[[ Dataset entries open ]]

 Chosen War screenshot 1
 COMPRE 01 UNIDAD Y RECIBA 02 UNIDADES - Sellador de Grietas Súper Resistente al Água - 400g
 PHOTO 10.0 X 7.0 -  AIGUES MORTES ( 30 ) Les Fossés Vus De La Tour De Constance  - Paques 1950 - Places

[[ Dataset entries closed ]]
[[ Dataset entries open ]]

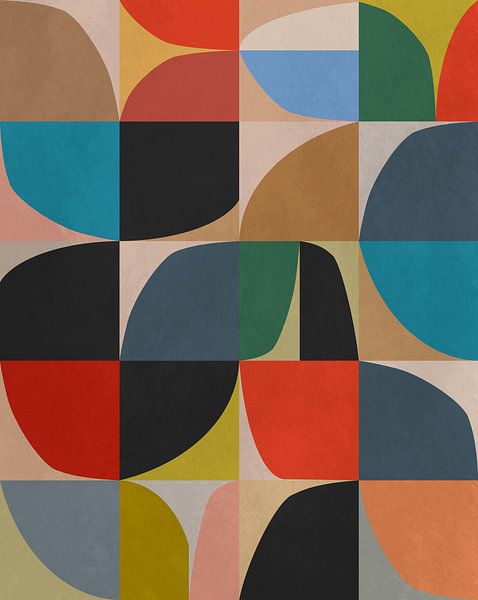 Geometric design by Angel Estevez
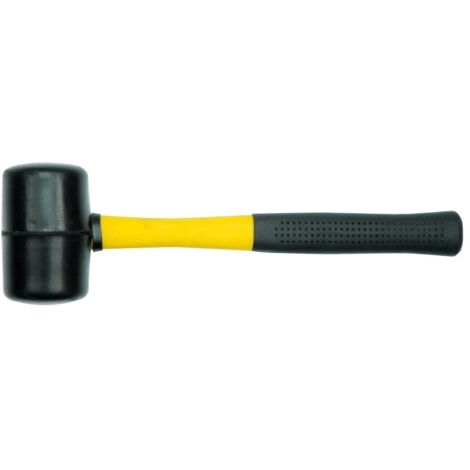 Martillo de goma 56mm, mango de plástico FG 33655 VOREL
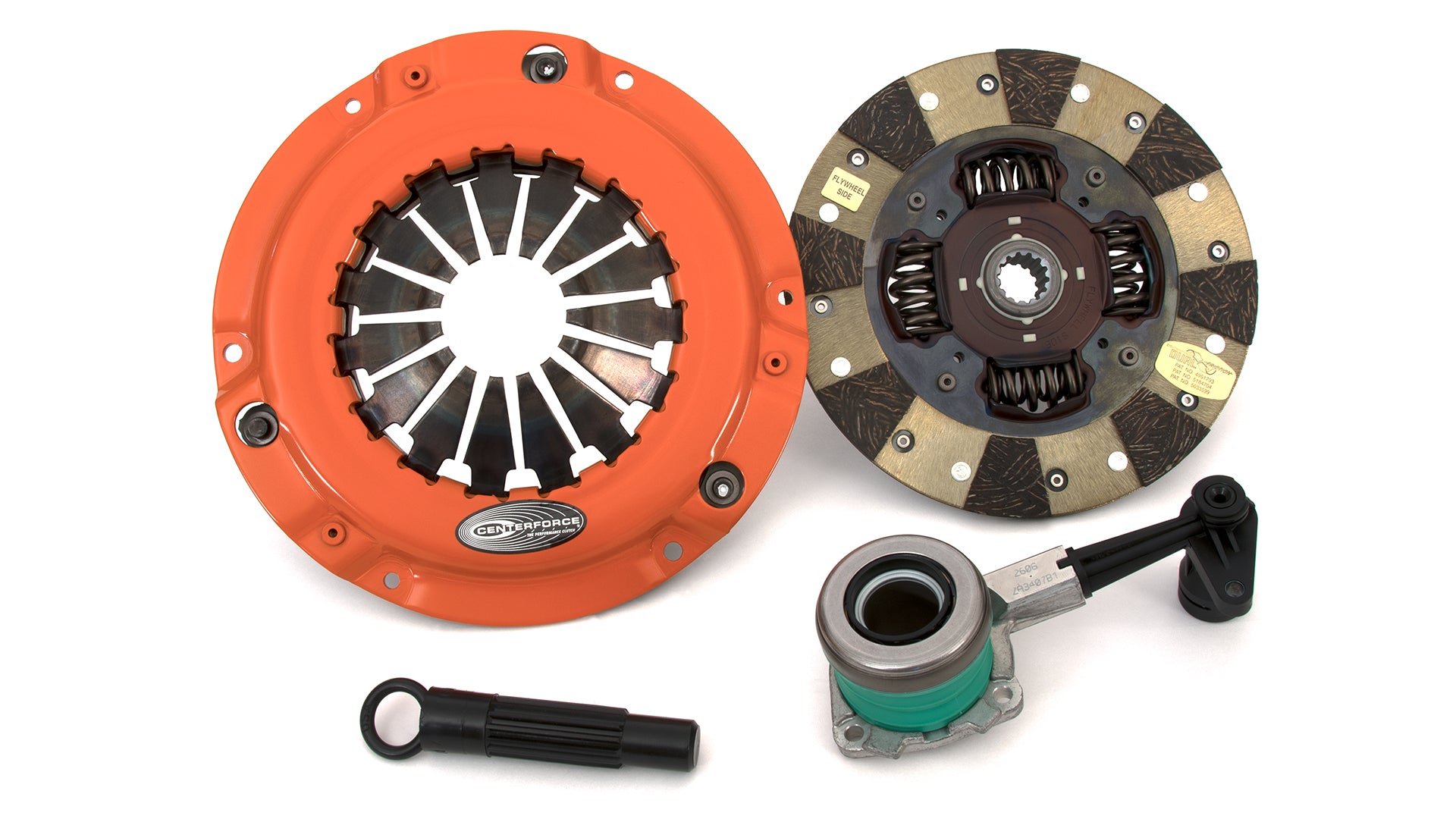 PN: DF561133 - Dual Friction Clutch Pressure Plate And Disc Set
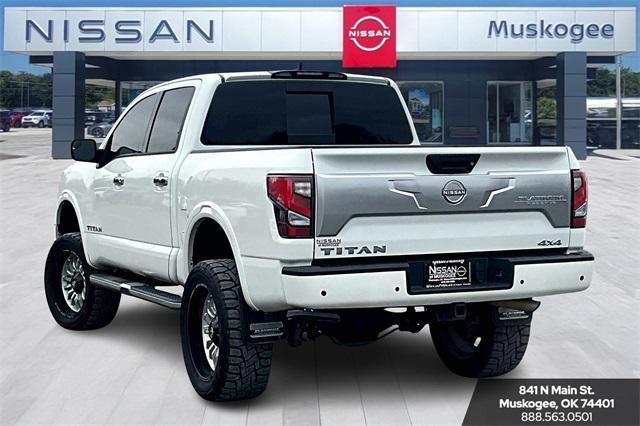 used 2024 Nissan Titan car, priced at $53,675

[[ Dataset entries closed ]]
[[ Dataset entries open ]]

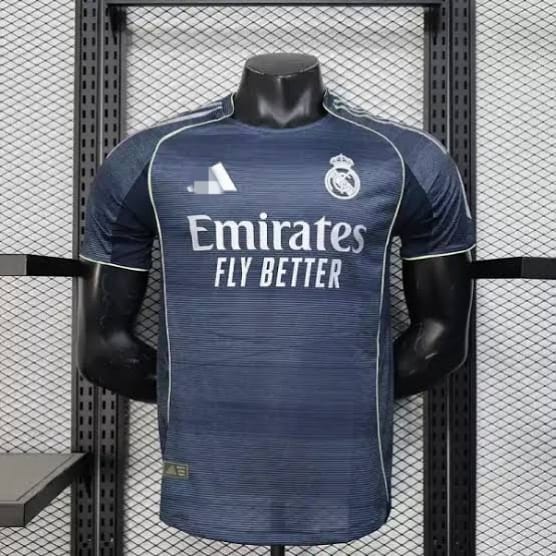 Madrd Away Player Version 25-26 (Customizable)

[[ Dataset entries closed ]]

→ Task description
Retype word for word everything in the listing above from the line that holds "Chosen War screenshot 1" down to the line that holds "PHOTO 10.0 X". Keep both end lines and leave out the rest.

→ Exercise output
 Chosen War screenshot 1
 COMPRE 01 UNIDAD Y RECIBA 02 UNIDADES - Sellador de Grietas Súper Resistente al Água - 400g
 PHOTO 10.0 X 7.0 -  AIGUES MORTES ( 30 ) Les Fossés Vus De La Tour De Constance  - Paques 1950 - Places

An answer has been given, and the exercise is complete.